**EXERCISE PROMPT:**
From the line containing "AOEVUIR 1 Pcs" down to the final line of the entries below, return each line exactly and drop the pictures.

**Image-text web data:**
»»

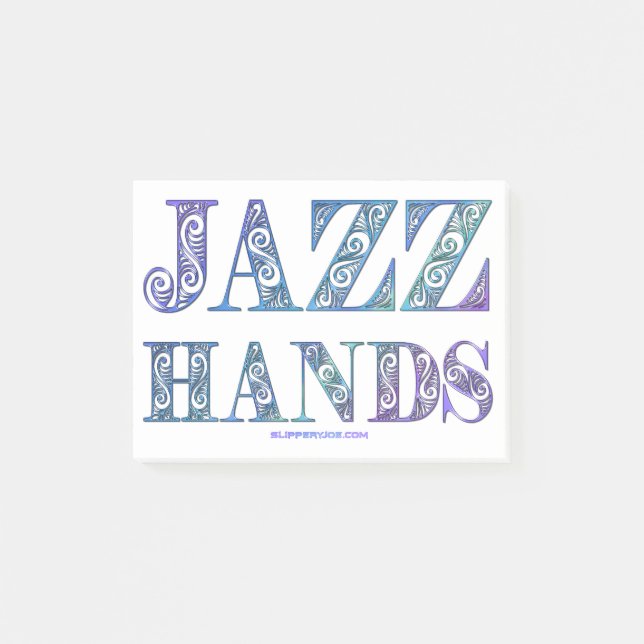 SlipperyJoe's Jazz Hands Broadway-Musicals tanzen Post-it Klebezettel (Vorderseite)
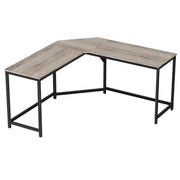 Scrivania angolare 149 x 149 x 76 cm tavolo a L per lavorare e studiare ufficio domestico salvaspazio facile da montare stile industriale beige e nero 12_0004566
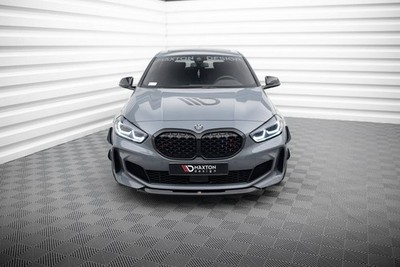 Maxton Design Frontlippe V.2 passend für BMW 1er M-Paket/ M135i / 128ti F40 schw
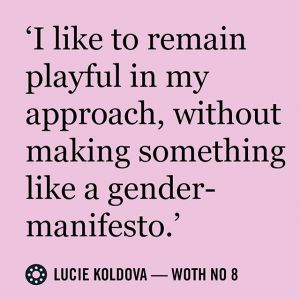 Interview with the Wonderful @luciekoldova in our WOTH issue No 8. Go get your copy in your online shop! #woth #wonderful #things #magazine #luciekoldova #interior #product #design #independentmagazine #people #places #things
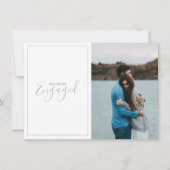 Moderne foto, aankondiging verloving (Voorkant)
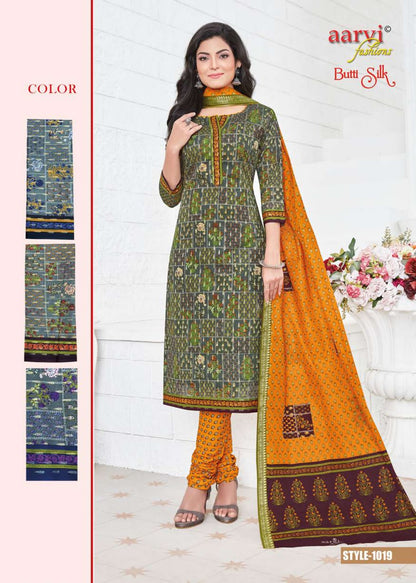 Butti Silk Aarvi Fashions Cambric Pant Style Suits Wholesaler Gujarat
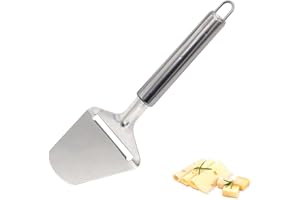 AOEVUIR 1 Pcs Linea Classica Taglia Formaggio, Affetta Formaggio in Acciaio Inox Lucidato, Lama Affilata con Dentatura, Lavabile in Lavastoviglie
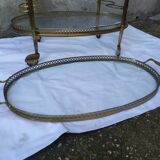 Golden rolling bar dessert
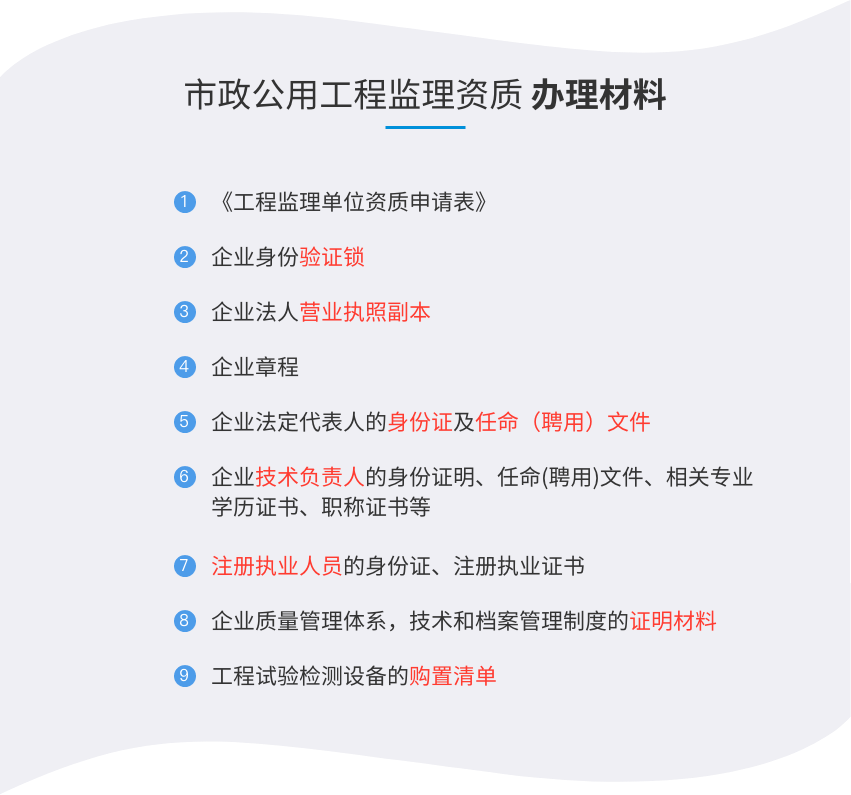 市政公用工程监理资质图3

««

**SOLUTION BELOW:**
 AOEVUIR 1 Pcs Linea Classica Taglia Formaggio, Affetta Formaggio in Acciaio Inox Lucidato, Lama Affilata con Dentatura, Lavabile in Lavastoviglie
 Golden rolling bar dessert
 市政公用工程监理资质图3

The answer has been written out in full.